— Supplied material —
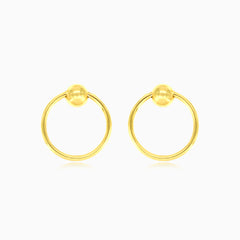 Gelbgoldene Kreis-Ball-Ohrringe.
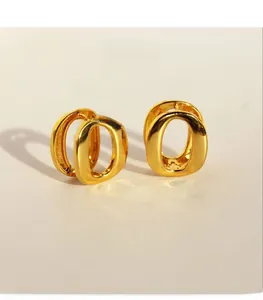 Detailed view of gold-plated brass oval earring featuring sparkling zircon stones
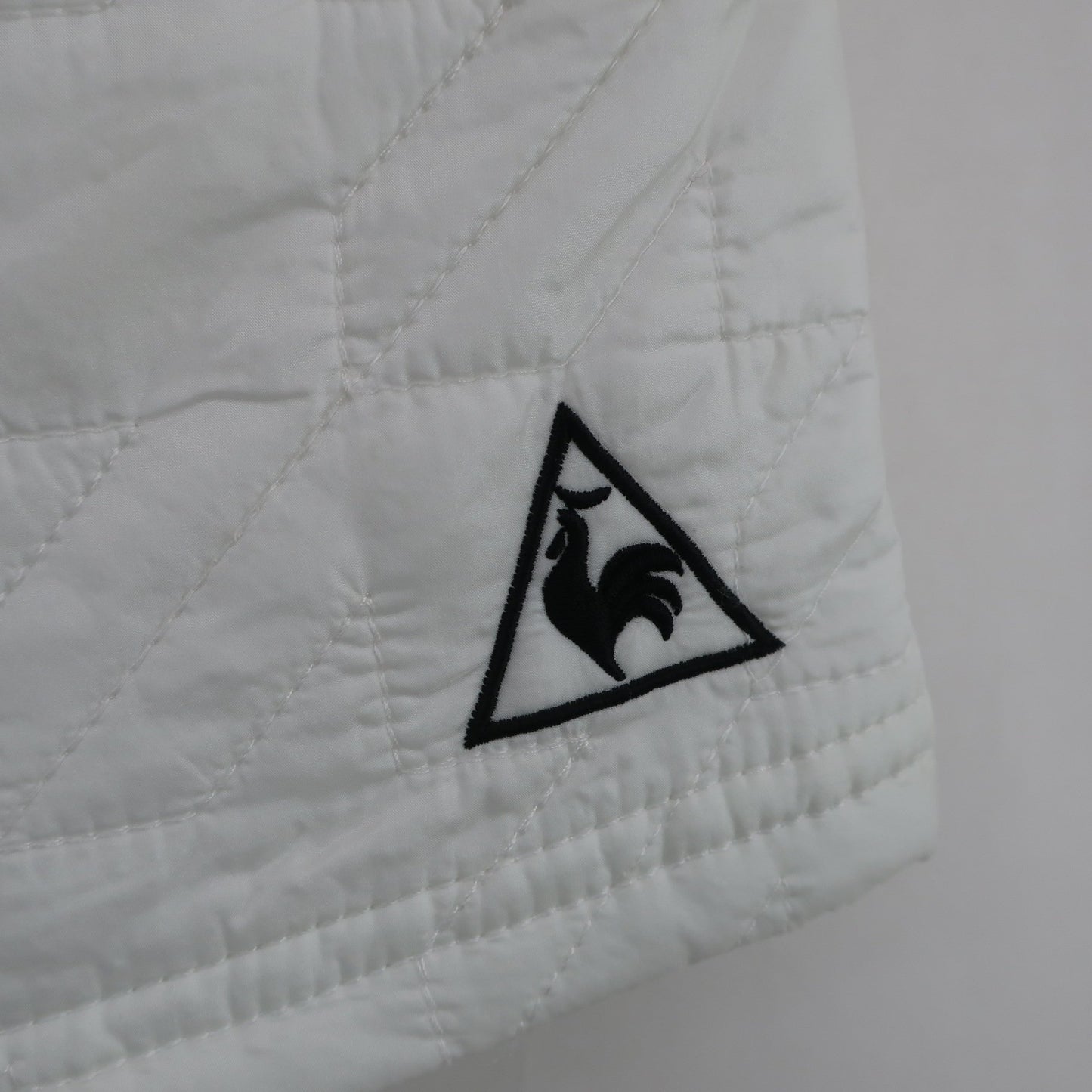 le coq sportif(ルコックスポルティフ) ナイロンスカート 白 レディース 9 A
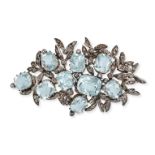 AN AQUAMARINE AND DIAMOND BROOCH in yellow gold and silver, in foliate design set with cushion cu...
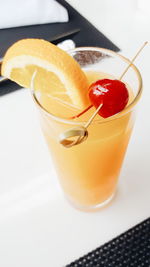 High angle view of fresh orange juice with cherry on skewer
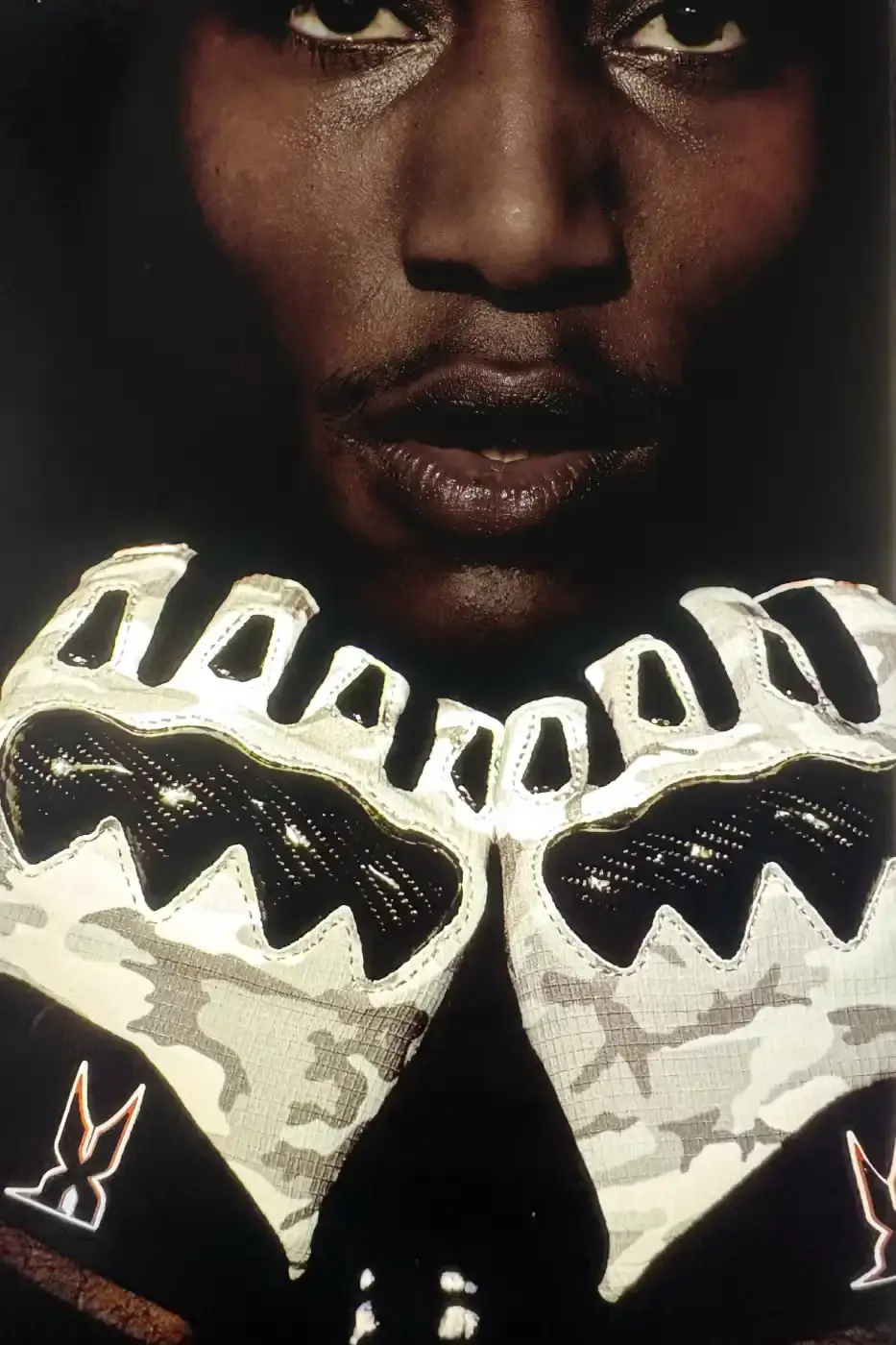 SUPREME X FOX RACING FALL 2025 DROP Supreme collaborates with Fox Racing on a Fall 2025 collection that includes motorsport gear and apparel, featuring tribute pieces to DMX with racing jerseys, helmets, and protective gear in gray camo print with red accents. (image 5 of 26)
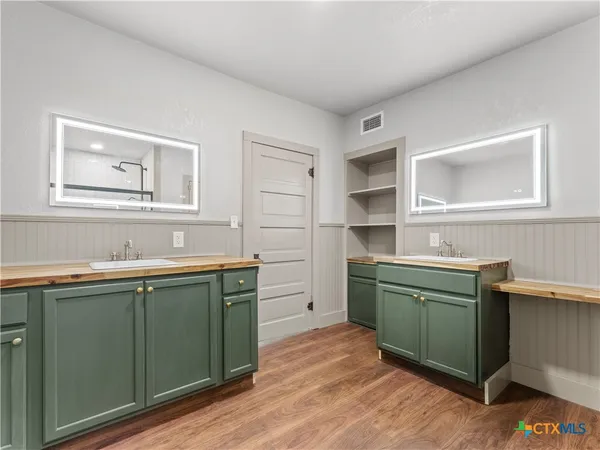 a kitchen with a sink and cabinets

==

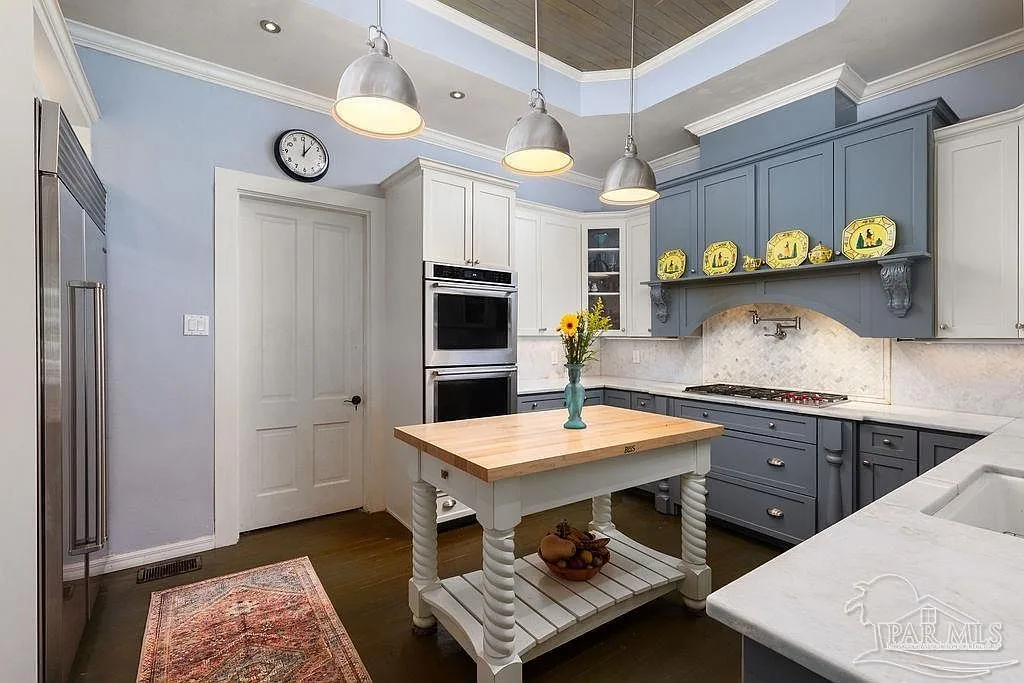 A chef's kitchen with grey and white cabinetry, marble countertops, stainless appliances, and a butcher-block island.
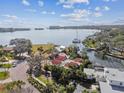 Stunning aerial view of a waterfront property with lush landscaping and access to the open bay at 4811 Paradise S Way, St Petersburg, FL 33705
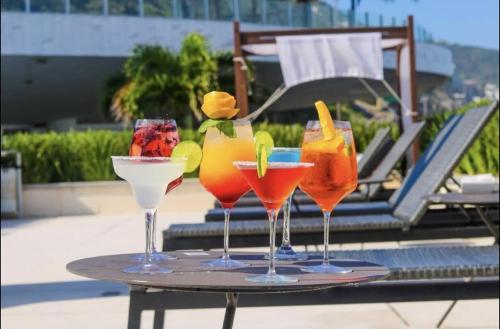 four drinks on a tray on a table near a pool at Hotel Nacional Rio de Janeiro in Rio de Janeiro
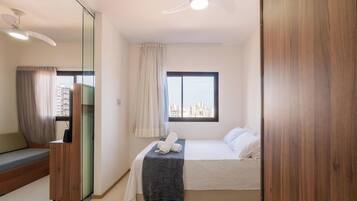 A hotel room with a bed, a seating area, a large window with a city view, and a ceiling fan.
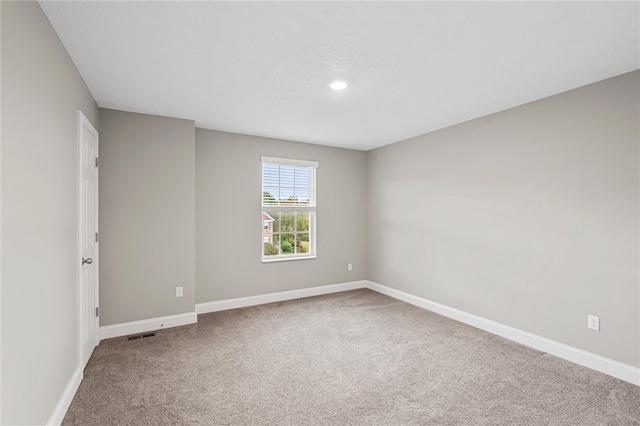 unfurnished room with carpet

--

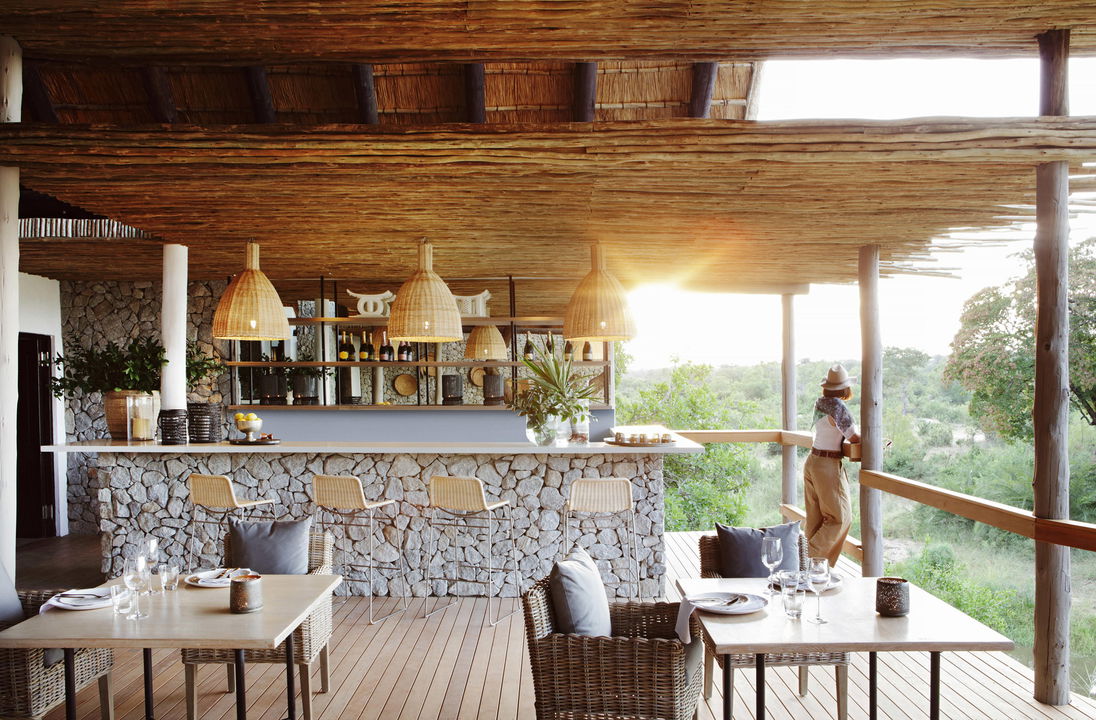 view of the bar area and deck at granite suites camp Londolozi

— Directions —
Set the pictures aside and transcribe exactly the stretch of lines above, beginning with the one holding "Stunning aerial view" and ending with the one holding "unfurnished room with carpet".

— Result —
 Stunning aerial view of a waterfront property with lush landscaping and access to the open bay at 4811 Paradise S Way, St Petersburg, FL 33705
 four drinks on a tray on a table near a pool at Hotel Nacional Rio de Janeiro in Rio de Janeiro
 A hotel room with a bed, a seating area, a large window with a city view, and a ceiling fan.
 unfurnished room with carpet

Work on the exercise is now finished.